The recently added <canvas>
tag
makes it possible to import an existing image into a canvas and export
the raw data back into JavaScript for processing, as long as the image
was loaded from the same server as the page it is on. It is also
possible to export a frame from a video in the HTML5 <video>
tag.[1]
Once the data has been extracted from a graphic, you can pass it to a worker for post-processing. This could be useful for doing anything from cleaning up an image to doing a Fourier transform on a scientific data set. Canvas makes it possible to build complex image editing through various filters written in JavaScript, which should often use Web Workers for better performance.
In addition to graphics, JavaScript has APIs now for handling map data. Being able to import a map from the Internet and find out the user’s current location via geolocation allows a wide range of web application services.
Suppose you build a route finder into a mobile browser. It would be very nice to be able to take your phone and tell it you wish to go to “#14 King George St, Tel Aviv” and have the browser figure out where you are, direct you to the nearest bus stop, and tell you that you should take the number 82 bus to get there from the Diamond District in Ramat Gan.
An even more complex version of that software might check traffic to tell you that a different bus might take a more roundabout route and leave you a block from your destination, but probably run faster by missing a major traffic snarl.
To start up a Web Worker, create a new Worker
object and pass, as the parameter to the call, the file that contains the
code (see Example 8-1). This will create a worker
from the source file.
Example 8-1. Worker example
$(document).ready(function (){ var worker = new Worker('worker.js'), worker.onmessage = function (event){ console.info(event); }; worker.postMessage("World" ); });
The browser will load the worker, run any code that is not in an
event handler, and then launch the event loop to wait for events. The main
event to be concerned with is the message
event, which is how you send data to the
worker. The main thread sends the message by issuing postMessage()
and passing
data as the argument.
The data from the main thread is held in the event.data
field. The worker should retrieve this data through a call to
onmessage()
.
Web Workers run in a pretty minimal environment. Many of
the familiar objects and interfaces of JavaScript in the browser are
missing, including the DOM, the document
object, and the window
object.
In addition to the standard ECMAScript objects like String
,
Array
, and Date
, the following
objects and interfaces are available to the Web Worker:
ECMAScript 5 JSON interfaces can also be used, as they are part of
the language, not the browser enviroment. Furthermore, the worker can
import library scripts from the server with the importScripts()

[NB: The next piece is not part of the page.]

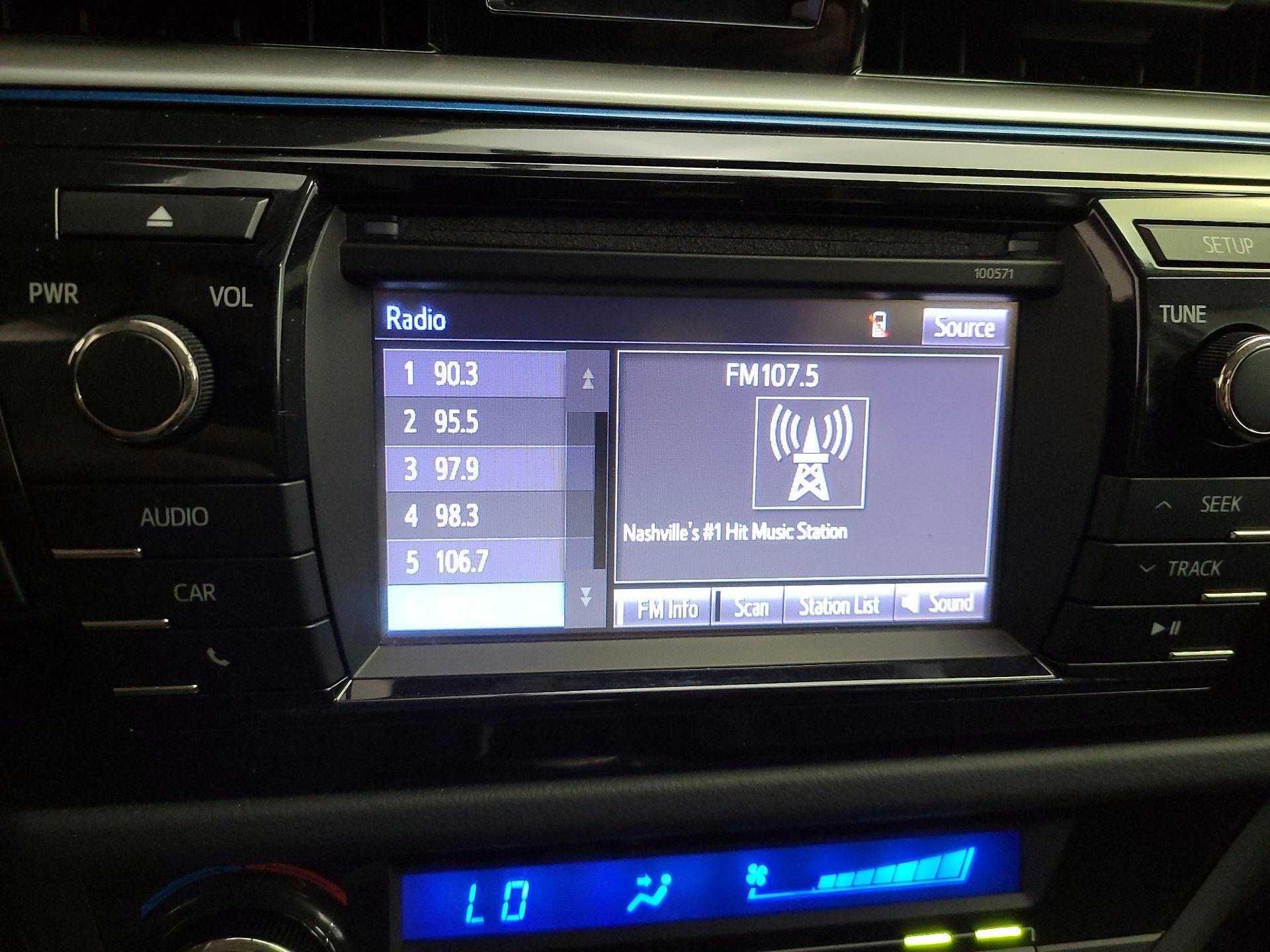 Thumbnail: 2016 Toyota Corolla - 15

method. This method takes a
list of one or more files, which are then loaded. This has the same
effect as using a <script>
tag in the main user
interface thread. Unlike most methods in JavaScript, importScripts
is blocking. The function will
not return until all the listed scripts have been loaded. importScripts
will execute the loaded files in
the order in which they were specified to the command.
Although localStorage
and
sessionStorage
are not accessible from the Web
Worker, IndexedDB databases are (see Chapter 5).
In addition, the IndexedDB specification says that the blocking forms of
calls can be used in a Web Worker (but not in the main window). So if
you want a worker to manipulate data through IndexedDB, it would make
sense to load the new data into the database and then send an “updated”
message to the main window or other workers so that they can take any
needed actions.
The main event that concerns a worker is the message
event, which is sent to the worker
from the postMessage
method in the
main JavaScript context to pass information. In Firefox, it is possible to pass complex JavaScript
objects. However, some versions of Chrome and Safari support only simple
data, such as strings, Booleans, and numbers. It is good practice to
encode all data into JSON before sending it to a Web Worker.
The worker can send data back to the main thread via the same
postMessage
method, and receive it
back in the main thread via the worker.onmessage
handler.
The model for worker communication is that the main task creates the worker, after which they pass messages back and forth as shown in Figure 8-2.
Example 8-1 is the “Hello World” of Web Workers. A more complex example is called for. Figure 8-3 shows a visual representation of a Mandelbrot set computed in a Web Worker. Here the worker and the main thread split up the work to draw the fractal. The worker does the actual work of computing the Mandelbrot set, while the frontend script takes that raw data and displays it in the canvas.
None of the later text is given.